1. A train covers 120 km at a uniform speed.
If its speed had been increased by 15 km/h,
it would have covered the distance in 40
minutes less. Find the original speed.
Answers
Answer:
Refer the attachment
*Correction : Its (3/x) - [3/(x+15)] = 1/60
Step-by-step explanation:
Given,
Distance covered by a train at a uniform speed = 120 Km
If its speed had been increased by 15 km/h,
it would have covered the distance in 40
minutes less.
To find,
The original speed of the train.
Solution,
We can simply solve this numerical problem by using the following process:
Let us assume that the original speed of the train is x Km/hr.
Mathematically,
speed (s) = distance traveled (d)/time of journey(t)
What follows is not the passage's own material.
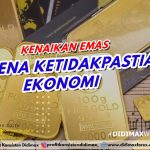 KENAIKAN EMAS KARENA KETIDAKPASTIAN EKONOMI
=> time of journey(t) = distance traveled (d)/speed (s)
{Statement-1}
Now, according to the question:
When the train covered 120 km at a uniform original speed, the time taken to complete the journey
= distance traveled (d)/speed (s)
{according to statement-1}
= (120 Km)/(x Km/hr)
= (120/x) hr
Also, according to the question;
When the train covered 120 km at a speed increased by 15 Km/hr, the time taken to complete the journey
= distance traveled (d)/speed (s)
{according to statement-1}
= (120 Km)/(x+15) Km/hr
= 120/(x+15) hr
Now, according to the question;
(the time taken to complete the journey when the train covered 120 km at a uniform original speed) = 40 minutes + (the time taken to complete the journey when the train covered 120 km at a speed increased by 15 Km/hr)
=> (120/x) hr = (40/60) hr + 120/(x+15) hr
=> 120/x - 120/(x+15) = 2/3
=> 1/x - 1/(x+15) = 2/(3×120) = 1/180
=> {(x+15) - x}/x(x+15) = 1/180
=> 15/x(x+15) = 1/180
=> x(x+15) = 15×180
=> x^2 + 15x - 2700 = 0
=> x^2 + 60x - 45x - 2700 = 0
=> x(x+60) - 45(x+60) = 0
=> (x+60)(x-45) = 0
=> (x+60) = 0 or (x-45) = 0
=> x = -60 Km/hr or x = 45 Km/hr
But speed can never be a negative quantity.
=> the original speed of the train is 45 Km/hr
Hence, the original speed of the train is 45 Km/hr.